• About this task
Among the records that follow, find the line with "FREQUENCY (EP)" and the line with "Мягкая игрушка обнимашка". Set down those lines and all lines between them exactly, without adding anything.

(Caption-style text data)
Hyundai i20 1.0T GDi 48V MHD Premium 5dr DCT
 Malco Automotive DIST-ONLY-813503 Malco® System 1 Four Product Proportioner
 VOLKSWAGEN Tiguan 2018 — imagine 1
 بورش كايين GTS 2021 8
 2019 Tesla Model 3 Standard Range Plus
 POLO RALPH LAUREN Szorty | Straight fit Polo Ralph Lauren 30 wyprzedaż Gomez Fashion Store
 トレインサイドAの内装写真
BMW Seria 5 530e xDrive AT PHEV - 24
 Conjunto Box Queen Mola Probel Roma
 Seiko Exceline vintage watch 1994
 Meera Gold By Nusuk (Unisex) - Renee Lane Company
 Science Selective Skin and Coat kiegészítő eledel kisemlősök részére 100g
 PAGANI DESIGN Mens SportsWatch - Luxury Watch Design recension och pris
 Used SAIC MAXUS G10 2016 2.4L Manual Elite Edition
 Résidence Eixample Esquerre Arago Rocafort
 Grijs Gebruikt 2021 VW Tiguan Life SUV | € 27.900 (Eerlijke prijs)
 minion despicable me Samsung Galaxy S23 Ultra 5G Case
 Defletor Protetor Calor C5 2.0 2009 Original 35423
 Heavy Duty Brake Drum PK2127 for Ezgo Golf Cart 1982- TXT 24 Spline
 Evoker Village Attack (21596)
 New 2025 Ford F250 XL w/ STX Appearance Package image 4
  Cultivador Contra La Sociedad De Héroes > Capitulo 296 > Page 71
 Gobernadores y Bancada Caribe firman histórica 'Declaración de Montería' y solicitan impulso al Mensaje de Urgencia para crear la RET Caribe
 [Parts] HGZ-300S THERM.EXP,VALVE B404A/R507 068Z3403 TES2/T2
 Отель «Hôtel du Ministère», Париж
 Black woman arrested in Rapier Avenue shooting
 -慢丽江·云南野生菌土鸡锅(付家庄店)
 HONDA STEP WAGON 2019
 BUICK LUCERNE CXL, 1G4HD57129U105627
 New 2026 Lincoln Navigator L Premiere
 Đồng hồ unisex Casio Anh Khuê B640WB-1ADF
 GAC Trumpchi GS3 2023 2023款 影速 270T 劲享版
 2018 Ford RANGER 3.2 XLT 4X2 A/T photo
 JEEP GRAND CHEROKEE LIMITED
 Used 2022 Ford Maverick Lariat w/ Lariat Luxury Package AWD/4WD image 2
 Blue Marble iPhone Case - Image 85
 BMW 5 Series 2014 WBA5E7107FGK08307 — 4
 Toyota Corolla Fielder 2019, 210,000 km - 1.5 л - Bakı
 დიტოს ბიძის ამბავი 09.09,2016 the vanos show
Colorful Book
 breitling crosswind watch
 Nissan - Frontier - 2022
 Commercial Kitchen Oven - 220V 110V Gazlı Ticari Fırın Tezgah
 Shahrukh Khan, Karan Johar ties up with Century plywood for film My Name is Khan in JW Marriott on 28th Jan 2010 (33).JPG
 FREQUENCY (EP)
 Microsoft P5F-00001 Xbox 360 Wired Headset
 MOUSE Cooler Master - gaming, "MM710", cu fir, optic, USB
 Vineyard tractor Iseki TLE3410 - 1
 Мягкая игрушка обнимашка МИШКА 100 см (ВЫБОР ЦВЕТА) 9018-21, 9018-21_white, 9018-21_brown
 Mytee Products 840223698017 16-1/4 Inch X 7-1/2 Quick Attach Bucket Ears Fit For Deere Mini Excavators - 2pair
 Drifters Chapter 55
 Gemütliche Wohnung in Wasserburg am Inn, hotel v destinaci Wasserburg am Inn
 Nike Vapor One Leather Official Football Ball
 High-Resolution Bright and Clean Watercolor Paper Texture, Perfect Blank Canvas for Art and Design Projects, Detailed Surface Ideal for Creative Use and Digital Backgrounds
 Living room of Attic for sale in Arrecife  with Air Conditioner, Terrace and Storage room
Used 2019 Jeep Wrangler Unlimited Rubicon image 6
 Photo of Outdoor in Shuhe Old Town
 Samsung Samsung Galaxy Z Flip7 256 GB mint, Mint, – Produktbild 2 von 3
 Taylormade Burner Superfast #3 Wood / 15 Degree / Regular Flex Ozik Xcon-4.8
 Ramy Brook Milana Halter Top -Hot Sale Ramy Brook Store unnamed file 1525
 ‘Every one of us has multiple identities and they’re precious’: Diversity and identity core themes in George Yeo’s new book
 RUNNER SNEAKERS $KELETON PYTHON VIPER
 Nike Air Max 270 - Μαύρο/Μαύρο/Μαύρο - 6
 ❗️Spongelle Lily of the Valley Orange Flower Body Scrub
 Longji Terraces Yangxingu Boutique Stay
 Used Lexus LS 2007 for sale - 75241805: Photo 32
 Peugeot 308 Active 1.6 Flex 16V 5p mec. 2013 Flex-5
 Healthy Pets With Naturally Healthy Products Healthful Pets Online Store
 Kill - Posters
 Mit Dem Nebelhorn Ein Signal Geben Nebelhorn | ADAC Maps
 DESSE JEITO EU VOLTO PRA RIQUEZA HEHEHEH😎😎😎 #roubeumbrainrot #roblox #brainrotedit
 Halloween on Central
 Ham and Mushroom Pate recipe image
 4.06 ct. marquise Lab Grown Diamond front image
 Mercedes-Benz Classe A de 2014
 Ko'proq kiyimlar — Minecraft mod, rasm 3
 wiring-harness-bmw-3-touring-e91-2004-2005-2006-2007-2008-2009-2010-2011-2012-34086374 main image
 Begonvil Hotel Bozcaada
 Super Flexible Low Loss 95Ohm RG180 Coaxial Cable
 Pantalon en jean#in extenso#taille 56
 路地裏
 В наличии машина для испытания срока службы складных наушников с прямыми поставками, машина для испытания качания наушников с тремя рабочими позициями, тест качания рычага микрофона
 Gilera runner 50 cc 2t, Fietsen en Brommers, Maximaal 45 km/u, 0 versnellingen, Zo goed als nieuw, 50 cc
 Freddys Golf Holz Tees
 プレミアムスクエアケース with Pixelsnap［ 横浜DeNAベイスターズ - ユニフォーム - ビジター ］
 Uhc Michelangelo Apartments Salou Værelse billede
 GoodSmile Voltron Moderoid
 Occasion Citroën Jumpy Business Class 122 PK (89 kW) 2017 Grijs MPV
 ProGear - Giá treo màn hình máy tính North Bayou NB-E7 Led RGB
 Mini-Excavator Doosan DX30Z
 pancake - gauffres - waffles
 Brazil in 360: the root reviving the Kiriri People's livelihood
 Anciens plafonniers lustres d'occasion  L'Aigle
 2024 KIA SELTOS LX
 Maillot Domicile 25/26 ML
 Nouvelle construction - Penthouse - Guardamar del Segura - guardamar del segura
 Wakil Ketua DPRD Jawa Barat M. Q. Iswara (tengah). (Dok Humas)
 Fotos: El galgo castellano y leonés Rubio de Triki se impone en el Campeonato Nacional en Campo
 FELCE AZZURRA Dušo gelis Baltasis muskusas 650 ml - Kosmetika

• Written solution
 FREQUENCY (EP)
 Microsoft P5F-00001 Xbox 360 Wired Headset
 MOUSE Cooler Master - gaming, "MM710", cu fir, optic, USB
 Vineyard tractor Iseki TLE3410 - 1
 Мягкая игрушка обнимашка МИШКА 100 см (ВЫБОР ЦВЕТА) 9018-21, 9018-21_white, 9018-21_brown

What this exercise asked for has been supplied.